__MATERIAL SUPPLIED__.
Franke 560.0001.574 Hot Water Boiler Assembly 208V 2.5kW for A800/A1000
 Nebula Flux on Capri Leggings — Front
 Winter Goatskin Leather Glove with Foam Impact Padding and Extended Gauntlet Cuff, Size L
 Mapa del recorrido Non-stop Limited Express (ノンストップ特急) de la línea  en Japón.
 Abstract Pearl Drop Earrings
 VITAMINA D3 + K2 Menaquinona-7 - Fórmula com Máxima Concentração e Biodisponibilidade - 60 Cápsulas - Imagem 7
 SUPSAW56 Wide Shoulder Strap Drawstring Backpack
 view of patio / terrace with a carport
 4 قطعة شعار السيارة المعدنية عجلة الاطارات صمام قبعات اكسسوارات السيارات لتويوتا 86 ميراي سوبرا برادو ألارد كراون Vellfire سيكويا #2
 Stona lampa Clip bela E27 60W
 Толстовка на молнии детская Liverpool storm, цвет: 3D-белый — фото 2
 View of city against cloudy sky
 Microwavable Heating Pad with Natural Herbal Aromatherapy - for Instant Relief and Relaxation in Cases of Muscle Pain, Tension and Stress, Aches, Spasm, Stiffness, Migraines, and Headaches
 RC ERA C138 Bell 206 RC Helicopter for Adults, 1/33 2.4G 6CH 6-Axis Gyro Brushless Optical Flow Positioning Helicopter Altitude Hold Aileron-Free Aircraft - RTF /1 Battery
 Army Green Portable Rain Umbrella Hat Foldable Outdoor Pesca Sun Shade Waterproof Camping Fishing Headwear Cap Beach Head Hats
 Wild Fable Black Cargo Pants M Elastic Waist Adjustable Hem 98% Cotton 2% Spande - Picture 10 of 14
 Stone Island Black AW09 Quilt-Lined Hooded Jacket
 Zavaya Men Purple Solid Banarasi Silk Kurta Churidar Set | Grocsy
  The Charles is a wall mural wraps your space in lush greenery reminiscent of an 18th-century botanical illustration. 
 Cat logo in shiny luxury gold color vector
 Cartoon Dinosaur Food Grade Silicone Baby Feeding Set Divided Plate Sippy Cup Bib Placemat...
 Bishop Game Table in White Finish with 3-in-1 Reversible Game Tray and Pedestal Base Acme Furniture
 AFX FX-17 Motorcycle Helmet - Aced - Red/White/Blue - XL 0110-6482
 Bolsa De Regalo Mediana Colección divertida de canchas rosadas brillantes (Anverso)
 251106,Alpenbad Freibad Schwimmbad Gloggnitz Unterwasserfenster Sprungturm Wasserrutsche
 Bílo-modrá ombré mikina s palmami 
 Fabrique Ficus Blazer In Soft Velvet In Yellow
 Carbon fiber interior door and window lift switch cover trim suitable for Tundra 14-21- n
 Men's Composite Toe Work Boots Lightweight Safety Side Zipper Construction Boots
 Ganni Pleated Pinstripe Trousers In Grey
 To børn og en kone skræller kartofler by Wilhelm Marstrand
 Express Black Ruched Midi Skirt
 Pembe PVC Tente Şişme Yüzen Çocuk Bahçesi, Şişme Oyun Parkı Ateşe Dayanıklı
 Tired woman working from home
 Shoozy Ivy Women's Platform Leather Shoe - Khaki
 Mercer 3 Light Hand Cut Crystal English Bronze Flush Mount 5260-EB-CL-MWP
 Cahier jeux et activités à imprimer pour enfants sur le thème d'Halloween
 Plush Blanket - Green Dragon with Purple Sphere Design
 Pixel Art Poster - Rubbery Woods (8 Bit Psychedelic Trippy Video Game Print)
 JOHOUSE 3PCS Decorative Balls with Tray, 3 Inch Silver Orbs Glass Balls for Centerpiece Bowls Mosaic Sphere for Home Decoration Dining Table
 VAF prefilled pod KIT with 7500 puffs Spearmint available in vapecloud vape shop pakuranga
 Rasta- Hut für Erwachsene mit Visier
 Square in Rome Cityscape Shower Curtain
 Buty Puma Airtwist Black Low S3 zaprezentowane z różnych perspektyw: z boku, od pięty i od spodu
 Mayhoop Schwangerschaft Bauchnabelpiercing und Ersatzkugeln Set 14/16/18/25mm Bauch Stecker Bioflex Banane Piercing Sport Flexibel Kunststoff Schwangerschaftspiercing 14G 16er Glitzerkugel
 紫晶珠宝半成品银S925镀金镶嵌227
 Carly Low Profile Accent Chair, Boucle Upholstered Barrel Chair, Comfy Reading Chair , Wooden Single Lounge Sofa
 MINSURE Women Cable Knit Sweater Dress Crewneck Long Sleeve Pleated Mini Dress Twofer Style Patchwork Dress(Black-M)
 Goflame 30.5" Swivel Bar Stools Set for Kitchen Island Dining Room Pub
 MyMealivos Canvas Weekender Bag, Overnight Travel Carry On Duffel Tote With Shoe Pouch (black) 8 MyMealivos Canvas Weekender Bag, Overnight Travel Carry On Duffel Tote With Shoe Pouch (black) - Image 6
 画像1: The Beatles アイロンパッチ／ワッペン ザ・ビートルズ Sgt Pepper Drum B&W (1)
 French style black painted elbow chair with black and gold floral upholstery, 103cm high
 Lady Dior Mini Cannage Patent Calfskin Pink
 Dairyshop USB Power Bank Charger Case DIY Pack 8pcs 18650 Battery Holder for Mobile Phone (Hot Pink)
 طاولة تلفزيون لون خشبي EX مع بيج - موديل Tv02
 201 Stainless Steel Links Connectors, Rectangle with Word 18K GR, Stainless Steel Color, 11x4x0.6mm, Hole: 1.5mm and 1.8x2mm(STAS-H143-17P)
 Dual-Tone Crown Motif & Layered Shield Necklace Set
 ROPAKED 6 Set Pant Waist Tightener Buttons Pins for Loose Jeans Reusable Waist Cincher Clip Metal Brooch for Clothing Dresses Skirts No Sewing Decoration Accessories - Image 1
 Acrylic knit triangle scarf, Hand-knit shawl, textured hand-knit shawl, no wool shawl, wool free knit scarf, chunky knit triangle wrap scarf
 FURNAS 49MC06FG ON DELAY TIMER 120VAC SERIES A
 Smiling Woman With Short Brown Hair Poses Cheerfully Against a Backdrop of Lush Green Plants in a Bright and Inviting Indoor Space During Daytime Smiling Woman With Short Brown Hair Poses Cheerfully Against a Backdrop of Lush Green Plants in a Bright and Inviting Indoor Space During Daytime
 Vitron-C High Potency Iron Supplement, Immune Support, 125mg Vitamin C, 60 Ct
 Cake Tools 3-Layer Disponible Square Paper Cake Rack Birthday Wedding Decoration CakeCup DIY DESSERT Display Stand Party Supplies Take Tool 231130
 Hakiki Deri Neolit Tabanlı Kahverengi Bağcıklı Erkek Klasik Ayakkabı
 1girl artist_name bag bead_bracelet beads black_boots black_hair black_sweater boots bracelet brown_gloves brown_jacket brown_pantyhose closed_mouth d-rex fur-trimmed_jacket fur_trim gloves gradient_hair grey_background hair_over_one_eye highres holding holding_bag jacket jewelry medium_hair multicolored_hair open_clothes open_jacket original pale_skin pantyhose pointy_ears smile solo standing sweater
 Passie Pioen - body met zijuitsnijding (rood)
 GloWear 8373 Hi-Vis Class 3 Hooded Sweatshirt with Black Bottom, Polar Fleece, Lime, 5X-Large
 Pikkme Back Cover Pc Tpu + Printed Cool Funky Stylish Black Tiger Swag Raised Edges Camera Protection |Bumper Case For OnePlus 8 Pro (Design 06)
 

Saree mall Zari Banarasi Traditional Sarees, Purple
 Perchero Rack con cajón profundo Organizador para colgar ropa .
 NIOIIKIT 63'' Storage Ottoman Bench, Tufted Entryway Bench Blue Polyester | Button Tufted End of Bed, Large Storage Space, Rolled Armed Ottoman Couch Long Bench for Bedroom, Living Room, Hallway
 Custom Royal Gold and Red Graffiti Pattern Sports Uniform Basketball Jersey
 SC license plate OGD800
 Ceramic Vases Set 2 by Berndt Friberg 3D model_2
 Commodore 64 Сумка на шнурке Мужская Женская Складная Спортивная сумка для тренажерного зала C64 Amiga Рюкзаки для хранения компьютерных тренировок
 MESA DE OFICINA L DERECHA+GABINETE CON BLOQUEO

__WORK ITEM__.
Working through the listing above, count every line that holds "Long" and answer with the count alone.

__FINISHED TASK__.
2